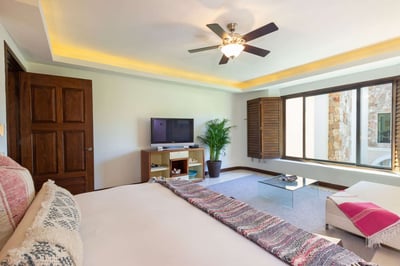 Luxury Villa Photo #18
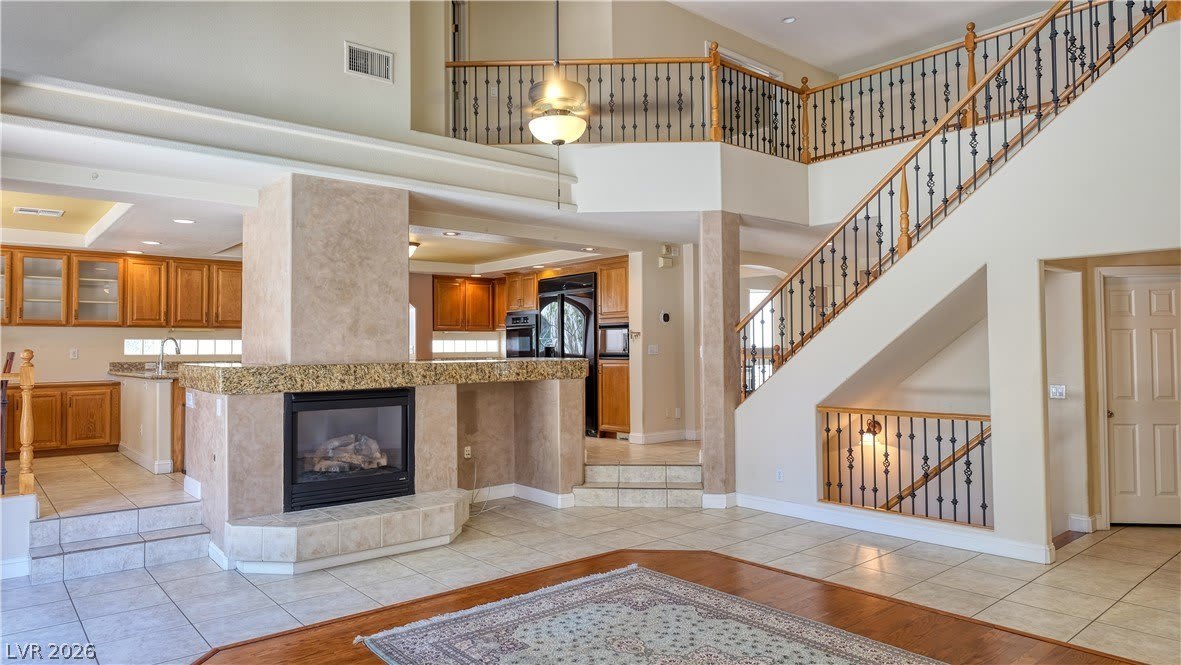 3924 Royal Scots Avenue – photo 3
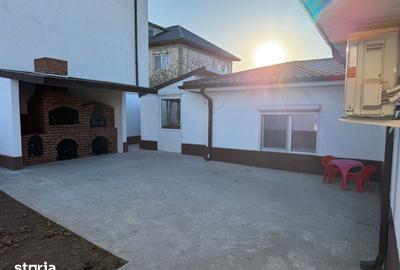 Casă cu 10 camere cu Teren 400 Mp în Central - 11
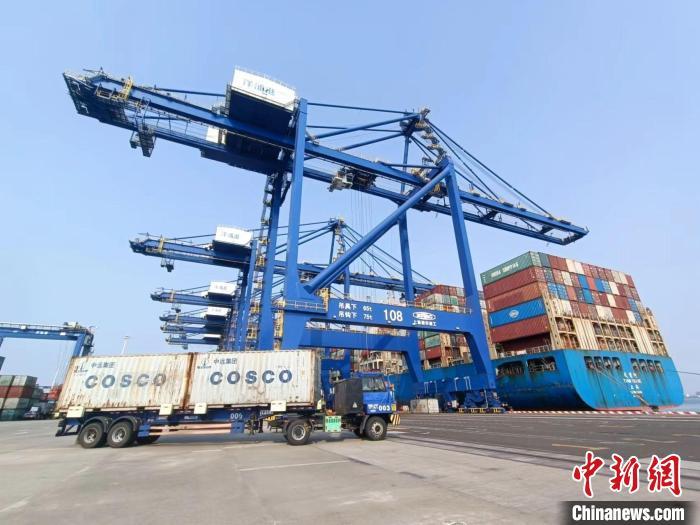 圖為海南洋浦國(guó)際集裝箱碼頭，卡車將集裝箱從后方堆場(chǎng)運(yùn)往碼頭裝卸區(qū)?！?jiān)潞?攝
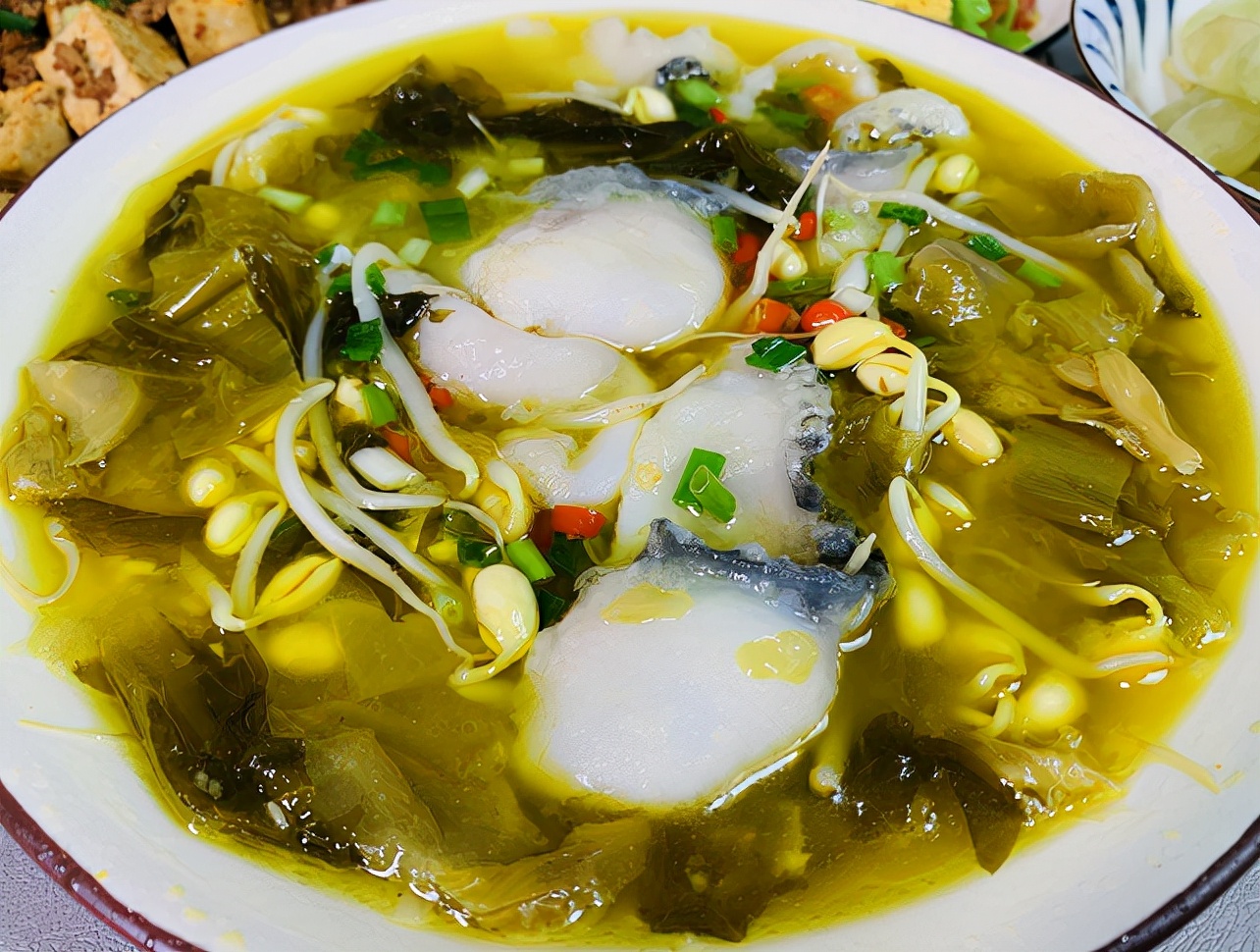 想吃正宗酸菜鱼别去饭店了，教你懒人方法，10分钟出锅，肉嫩好吃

____________

__WORK ORDER__
Please return the records above exactly as written, dropping every picture.

__WRITTEN ANSWER__
 Luxury Villa Photo #18
 3924 Royal Scots Avenue – photo 3
 Casă cu 10 camere cu Teren 400 Mp în Central - 11
 圖為海南洋浦國(guó)際集裝箱碼頭，卡車將集裝箱從后方堆場(chǎng)運(yùn)往碼頭裝卸區(qū)?！?jiān)潞?攝
 想吃正宗酸菜鱼别去饭店了，教你懒人方法，10分钟出锅，肉嫩好吃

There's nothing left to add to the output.